To his many personalities in The Ash Wednesday Supper, Bruno was compelled to add one more: the courtier. He had exchanged a post as royal reader in a Catholic absolute monarchy for a Protestant monarchy that had included a strong parliamentary system since 1215. Repelled as he was by Londoners, Bruno could not bri
ng himself to imagine a system of government that would include such people rather than simply rule them, but he appreciated the way in which Elizabeth managed to maneuver between Catholic and Protestant, monarchy and parliament. As for the explosion of inventiveness in art, literature, and music she inspired, he joined right in.
Spread your wings, Teofilo, and get yourself in order, and recognize that at the moment it is no time to speak about the highest things in the world. You have not the material here to speak of that earthly divinity, that singular and rare Lady, who from this chill sky near the Arctic Circle sheds such clear light on the whole terrestrial globe; Elizabeth, I say, who in title and royal station is inferior to no king in this world; for judgment, sagacity, counsel, and government she cannot easily come second to any who bears a scepter on this earth, in knowledge of the arts, awareness of the sciences, intelligence, and fluency in all the languages that common people and scholars may speak in Europe, I let the whole world judge what rank she holds among all the other princes.
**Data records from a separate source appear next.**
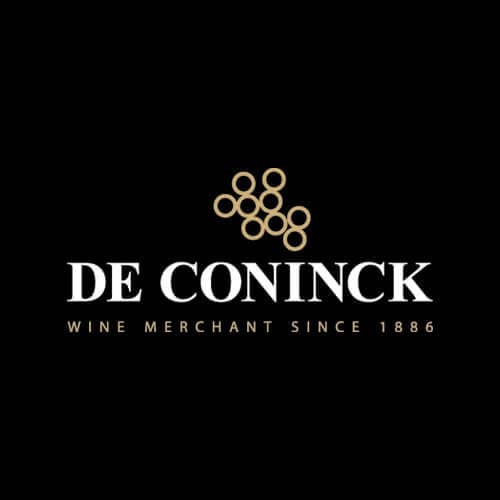 De Coninck Wine, réalisation Inside Web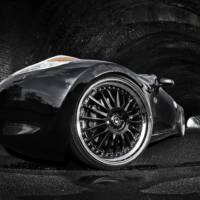 Nissan 370Z by PFA Creativ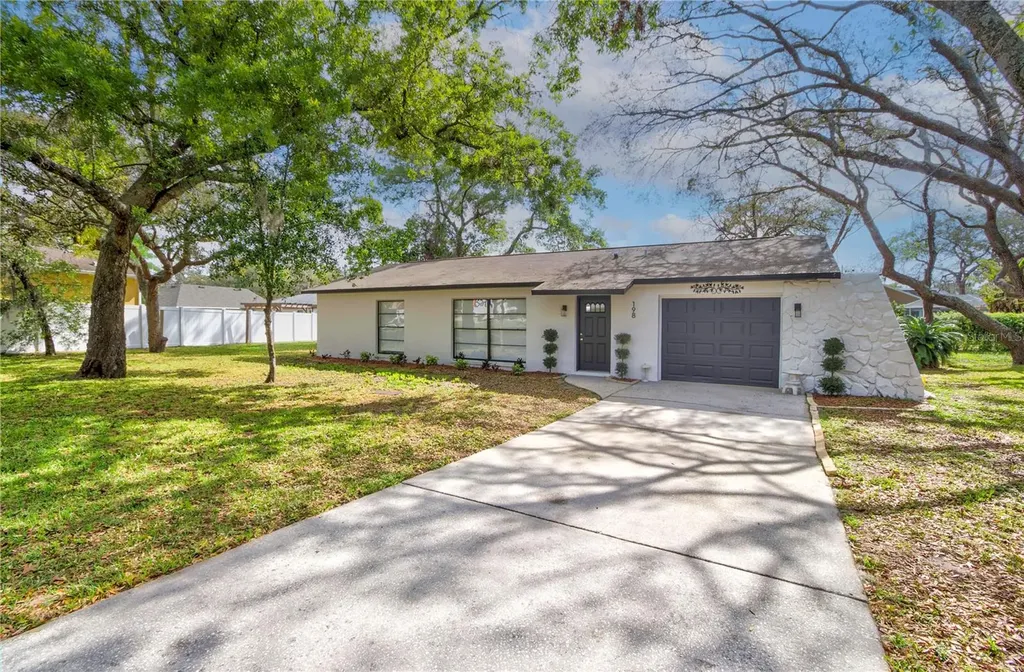 198 Tulsa Avenue Spring Hill FL 34606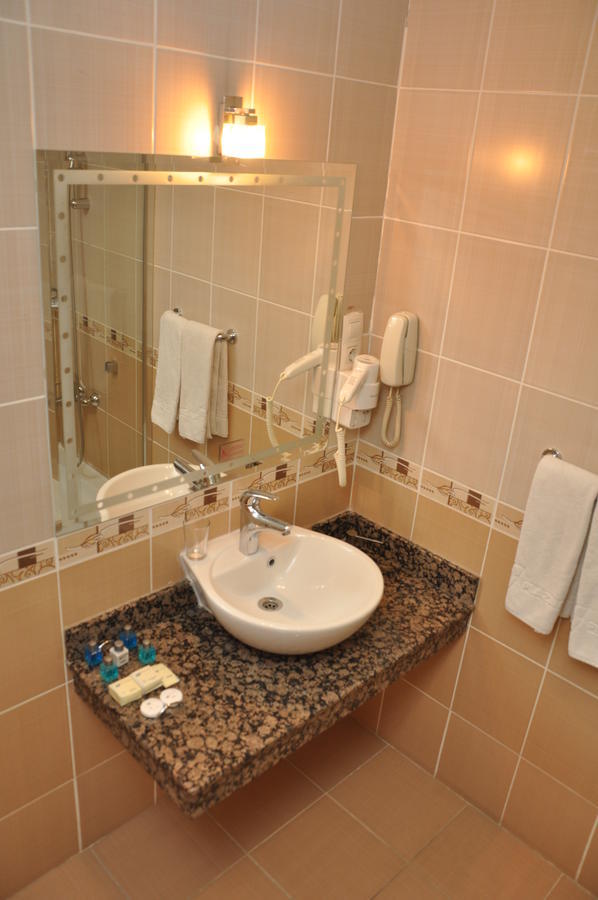 Gaziantep Plaza Hotel Værelse billede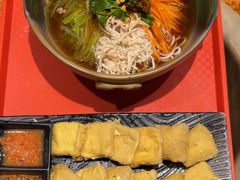 -滇香肴·云南菜蒸汽石锅鱼(云南北路店)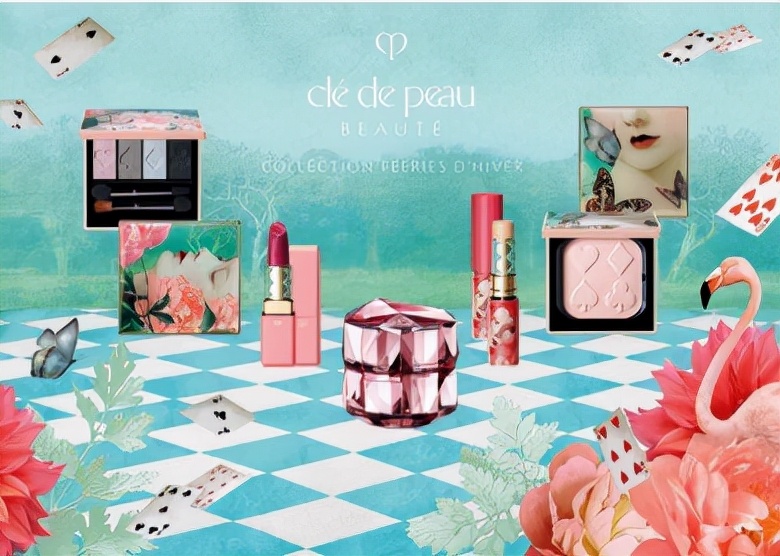 cpb森野寻踪值得入手吗,cpb森野寻踪限定版气垫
To be sure, if the empire of Fortune corresponded to and equaled the empire of her generous spirit and wit, this great Queen of the Sea, this Amphitrite, would needs open her borders and expand her circumference, so that just as she commands Britannia and Ireland, she would be given an entire globe, equal in size to our own, so that with fuller meaning her powerful hand would hold the orb of a general and universal monarchy.
In the meantime, Bruno’s attacks on English rudeness hit back harder than he may have anticipated. If he had found a trip through the streets of London a risky enterprise before, it was worse after The Ash Wednesday Supper appeared in John Charlewood’s bookstall. Bruno had already finished a second dialogue, Cause, Principle, and Unity, when The Ash Wednesday Supper caused its furor. He added a section to the new work in which he tried to explain himself, complaining that he could barely leave the French embassy for fear of being accosted. Writing as Filoteo, he suggests to his English friends Elitropio and Armesso that his English readers have been oversensitive:
FILOTEO: Now what customs have I named that cannot be found—similar, worse, or much stranger in kind, species, and number—in parts of the most excellent parts and provinces of the world? Would you call me an ungrateful slanderer of my homeland if I were to say that criminal customs like these, and worse, are to be found in Italy, in Naples, in Nola? Will I for that reason disparage that region, delightful to heaven, set from time to time at the head and right hand of this globe as the governor and ruler of all other peoples, ever esteemed by ourselves and others as the mistress, nurse, and mother of all the virtues, disciplines, humanities, modesties, and courtesies? Do we exaggerate what the poets have said about her—those same poets who have also called her the mistress of every vice, deception, greed, and cruelty?… Tell me the truth.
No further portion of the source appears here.